• REQUIREMENT
Down to the last character, transcribe every record.

• LISTED RECORDS
-- Opening Marker --
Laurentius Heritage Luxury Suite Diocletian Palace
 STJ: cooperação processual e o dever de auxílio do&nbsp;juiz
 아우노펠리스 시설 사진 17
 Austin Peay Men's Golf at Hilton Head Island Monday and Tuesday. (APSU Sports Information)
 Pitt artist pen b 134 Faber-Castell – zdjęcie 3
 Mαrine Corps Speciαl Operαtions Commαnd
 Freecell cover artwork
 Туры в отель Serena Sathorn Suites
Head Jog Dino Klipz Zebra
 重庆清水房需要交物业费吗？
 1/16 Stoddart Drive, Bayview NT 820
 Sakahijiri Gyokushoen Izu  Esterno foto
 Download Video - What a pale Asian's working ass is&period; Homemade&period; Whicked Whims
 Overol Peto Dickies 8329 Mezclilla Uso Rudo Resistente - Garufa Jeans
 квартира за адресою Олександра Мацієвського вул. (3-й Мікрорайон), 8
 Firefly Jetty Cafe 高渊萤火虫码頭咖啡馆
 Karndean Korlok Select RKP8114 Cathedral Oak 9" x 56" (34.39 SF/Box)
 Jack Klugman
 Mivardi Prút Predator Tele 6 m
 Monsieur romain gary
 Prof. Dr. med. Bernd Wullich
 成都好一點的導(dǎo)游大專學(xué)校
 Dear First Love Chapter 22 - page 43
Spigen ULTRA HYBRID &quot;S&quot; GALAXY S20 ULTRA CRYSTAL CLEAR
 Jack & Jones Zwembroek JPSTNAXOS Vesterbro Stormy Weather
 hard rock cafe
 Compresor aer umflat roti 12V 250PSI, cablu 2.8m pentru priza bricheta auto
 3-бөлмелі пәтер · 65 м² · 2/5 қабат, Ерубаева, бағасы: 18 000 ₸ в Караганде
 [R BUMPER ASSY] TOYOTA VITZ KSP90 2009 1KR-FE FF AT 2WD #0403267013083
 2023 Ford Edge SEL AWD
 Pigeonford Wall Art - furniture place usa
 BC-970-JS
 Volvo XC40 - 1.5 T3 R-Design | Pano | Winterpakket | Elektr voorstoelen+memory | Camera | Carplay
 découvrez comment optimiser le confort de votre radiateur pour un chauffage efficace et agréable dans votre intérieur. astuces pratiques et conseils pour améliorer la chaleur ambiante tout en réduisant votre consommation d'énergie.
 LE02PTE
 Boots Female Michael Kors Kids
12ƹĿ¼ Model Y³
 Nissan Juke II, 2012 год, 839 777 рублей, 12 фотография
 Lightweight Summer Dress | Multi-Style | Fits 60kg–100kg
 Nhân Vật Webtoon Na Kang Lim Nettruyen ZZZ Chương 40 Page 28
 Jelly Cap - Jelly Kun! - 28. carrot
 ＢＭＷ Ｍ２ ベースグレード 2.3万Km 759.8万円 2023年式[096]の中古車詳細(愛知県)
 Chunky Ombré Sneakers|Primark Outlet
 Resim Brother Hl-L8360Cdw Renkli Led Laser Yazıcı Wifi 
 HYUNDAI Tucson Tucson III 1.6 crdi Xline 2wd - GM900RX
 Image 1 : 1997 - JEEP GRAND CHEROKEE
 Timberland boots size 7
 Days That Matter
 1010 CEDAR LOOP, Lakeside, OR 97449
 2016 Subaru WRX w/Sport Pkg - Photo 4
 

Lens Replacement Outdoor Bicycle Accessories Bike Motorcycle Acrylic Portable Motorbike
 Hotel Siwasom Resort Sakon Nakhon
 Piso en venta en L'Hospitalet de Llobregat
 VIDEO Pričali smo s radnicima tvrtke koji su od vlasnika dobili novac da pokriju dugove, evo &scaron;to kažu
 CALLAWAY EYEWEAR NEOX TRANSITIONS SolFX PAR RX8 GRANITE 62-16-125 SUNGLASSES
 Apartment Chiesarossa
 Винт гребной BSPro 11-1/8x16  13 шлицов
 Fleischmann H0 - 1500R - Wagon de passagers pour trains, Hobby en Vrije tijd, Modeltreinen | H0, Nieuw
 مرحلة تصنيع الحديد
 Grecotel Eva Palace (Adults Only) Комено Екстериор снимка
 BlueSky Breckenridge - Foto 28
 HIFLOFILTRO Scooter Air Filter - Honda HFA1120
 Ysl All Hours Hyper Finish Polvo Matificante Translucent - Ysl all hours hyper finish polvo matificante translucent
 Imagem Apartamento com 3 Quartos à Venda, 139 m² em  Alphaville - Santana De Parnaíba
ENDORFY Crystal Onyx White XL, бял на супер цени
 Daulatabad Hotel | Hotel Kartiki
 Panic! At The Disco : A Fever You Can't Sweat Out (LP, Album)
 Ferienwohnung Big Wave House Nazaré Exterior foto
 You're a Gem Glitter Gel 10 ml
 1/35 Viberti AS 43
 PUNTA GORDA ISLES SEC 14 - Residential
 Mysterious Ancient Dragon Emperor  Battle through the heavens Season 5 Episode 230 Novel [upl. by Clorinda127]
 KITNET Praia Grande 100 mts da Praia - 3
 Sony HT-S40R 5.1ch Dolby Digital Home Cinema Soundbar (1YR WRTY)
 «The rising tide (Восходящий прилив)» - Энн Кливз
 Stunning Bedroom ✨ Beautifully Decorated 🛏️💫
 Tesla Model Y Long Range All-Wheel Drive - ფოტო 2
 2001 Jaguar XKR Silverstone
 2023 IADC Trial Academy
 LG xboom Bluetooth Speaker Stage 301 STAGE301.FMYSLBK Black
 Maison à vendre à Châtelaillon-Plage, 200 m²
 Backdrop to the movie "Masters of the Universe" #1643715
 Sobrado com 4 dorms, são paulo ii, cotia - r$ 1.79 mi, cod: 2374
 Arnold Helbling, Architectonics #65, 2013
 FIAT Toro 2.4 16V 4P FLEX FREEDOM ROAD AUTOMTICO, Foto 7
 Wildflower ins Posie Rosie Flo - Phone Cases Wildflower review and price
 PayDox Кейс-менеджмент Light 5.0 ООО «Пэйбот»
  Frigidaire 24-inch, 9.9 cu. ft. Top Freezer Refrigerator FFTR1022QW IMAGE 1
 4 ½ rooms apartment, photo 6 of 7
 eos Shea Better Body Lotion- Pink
-- Closing Marker --
• REPLY
Laurentius Heritage Luxury Suite Diocletian Palace
 STJ: cooperação processual e o dever de auxílio do&nbsp;juiz
 아우노펠리스 시설 사진 17
 Austin Peay Men's Golf at Hilton Head Island Monday and Tuesday. (APSU Sports Information)
 Pitt artist pen b 134 Faber-Castell – zdjęcie 3
 Mαrine Corps Speciαl Operαtions Commαnd
 Freecell cover artwork
 Туры в отель Serena Sathorn Suites
Head Jog Dino Klipz Zebra
 重庆清水房需要交物业费吗？
 1/16 Stoddart Drive, Bayview NT 820
 Sakahijiri Gyokushoen Izu  Esterno foto
 Download Video - What a pale Asian's working ass is&period; Homemade&period; Whicked Whims
 Overol Peto Dickies 8329 Mezclilla Uso Rudo Resistente - Garufa Jeans
 квартира за адресою Олександра Мацієвського вул. (3-й Мікрорайон), 8
 Firefly Jetty Cafe 高渊萤火虫码頭咖啡馆
 Karndean Korlok Select RKP8114 Cathedral Oak 9" x 56" (34.39 SF/Box)
 Jack Klugman
 Mivardi Prút Predator Tele 6 m
 Monsieur romain gary
 Prof. Dr. med. Bernd Wullich
 成都好一點的導(dǎo)游大專學(xué)校
 Dear First Love Chapter 22 - page 43
Spigen ULTRA HYBRID &quot;S&quot; GALAXY S20 ULTRA CRYSTAL CLEAR
 Jack & Jones Zwembroek JPSTNAXOS Vesterbro Stormy Weather
 hard rock cafe
 Compresor aer umflat roti 12V 250PSI, cablu 2.8m pentru priza bricheta auto
 3-бөлмелі пәтер · 65 м² · 2/5 қабат, Ерубаева, бағасы: 18 000 ₸ в Караганде
 [R BUMPER ASSY] TOYOTA VITZ KSP90 2009 1KR-FE FF AT 2WD #0403267013083
 2023 Ford Edge SEL AWD
 Pigeonford Wall Art - furniture place usa
 BC-970-JS
 Volvo XC40 - 1.5 T3 R-Design | Pano | Winterpakket | Elektr voorstoelen+memory | Camera | Carplay
 découvrez comment optimiser le confort de votre radiateur pour un chauffage efficace et agréable dans votre intérieur. astuces pratiques et conseils pour améliorer la chaleur ambiante tout en réduisant votre consommation d'énergie.
 LE02PTE
 Boots Female Michael Kors Kids
12ƹĿ¼ Model Y³
 Nissan Juke II, 2012 год, 839 777 рублей, 12 фотография
 Lightweight Summer Dress | Multi-Style | Fits 60kg–100kg
 Nhân Vật Webtoon Na Kang Lim Nettruyen ZZZ Chương 40 Page 28
 Jelly Cap - Jelly Kun! - 28. carrot
 ＢＭＷ Ｍ２ ベースグレード 2.3万Km 759.8万円 2023年式[096]の中古車詳細(愛知県)
 Chunky Ombré Sneakers|Primark Outlet
 Resim Brother Hl-L8360Cdw Renkli Led Laser Yazıcı Wifi 
 HYUNDAI Tucson Tucson III 1.6 crdi Xline 2wd - GM900RX
 Image 1 : 1997 - JEEP GRAND CHEROKEE
 Timberland boots size 7
 Days That Matter
 1010 CEDAR LOOP, Lakeside, OR 97449
 2016 Subaru WRX w/Sport Pkg - Photo 4
 

Lens Replacement Outdoor Bicycle Accessories Bike Motorcycle Acrylic Portable Motorbike
 Hotel Siwasom Resort Sakon Nakhon
 Piso en venta en L'Hospitalet de Llobregat
 VIDEO Pričali smo s radnicima tvrtke koji su od vlasnika dobili novac da pokriju dugove, evo &scaron;to kažu
 CALLAWAY EYEWEAR NEOX TRANSITIONS SolFX PAR RX8 GRANITE 62-16-125 SUNGLASSES
 Apartment Chiesarossa
 Винт гребной BSPro 11-1/8x16  13 шлицов
 Fleischmann H0 - 1500R - Wagon de passagers pour trains, Hobby en Vrije tijd, Modeltreinen | H0, Nieuw
 مرحلة تصنيع الحديد
 Grecotel Eva Palace (Adults Only) Комено Екстериор снимка
 BlueSky Breckenridge - Foto 28
 HIFLOFILTRO Scooter Air Filter - Honda HFA1120
 Ysl All Hours Hyper Finish Polvo Matificante Translucent - Ysl all hours hyper finish polvo matificante translucent
 Imagem Apartamento com 3 Quartos à Venda, 139 m² em  Alphaville - Santana De Parnaíba
ENDORFY Crystal Onyx White XL, бял на супер цени
 Daulatabad Hotel | Hotel Kartiki
 Panic! At The Disco : A Fever You Can't Sweat Out (LP, Album)
 Ferienwohnung Big Wave House Nazaré Exterior foto
 You're a Gem Glitter Gel 10 ml
 1/35 Viberti AS 43
 PUNTA GORDA ISLES SEC 14 - Residential
 Mysterious Ancient Dragon Emperor  Battle through the heavens Season 5 Episode 230 Novel [upl. by Clorinda127]
 KITNET Praia Grande 100 mts da Praia - 3
 Sony HT-S40R 5.1ch Dolby Digital Home Cinema Soundbar (1YR WRTY)
 «The rising tide (Восходящий прилив)» - Энн Кливз
 Stunning Bedroom ✨ Beautifully Decorated 🛏️💫
 Tesla Model Y Long Range All-Wheel Drive - ფოტო 2
 2001 Jaguar XKR Silverstone
 2023 IADC Trial Academy
 LG xboom Bluetooth Speaker Stage 301 STAGE301.FMYSLBK Black
 Maison à vendre à Châtelaillon-Plage, 200 m²
 Backdrop to the movie "Masters of the Universe" #1643715
 Sobrado com 4 dorms, são paulo ii, cotia - r$ 1.79 mi, cod: 2374
 Arnold Helbling, Architectonics #65, 2013
 FIAT Toro 2.4 16V 4P FLEX FREEDOM ROAD AUTOMTICO, Foto 7
 Wildflower ins Posie Rosie Flo - Phone Cases Wildflower review and price
 PayDox Кейс-менеджмент Light 5.0 ООО «Пэйбот»
  Frigidaire 24-inch, 9.9 cu. ft. Top Freezer Refrigerator FFTR1022QW IMAGE 1
 4 ½ rooms apartment, photo 6 of 7
 eos Shea Better Body Lotion- Pink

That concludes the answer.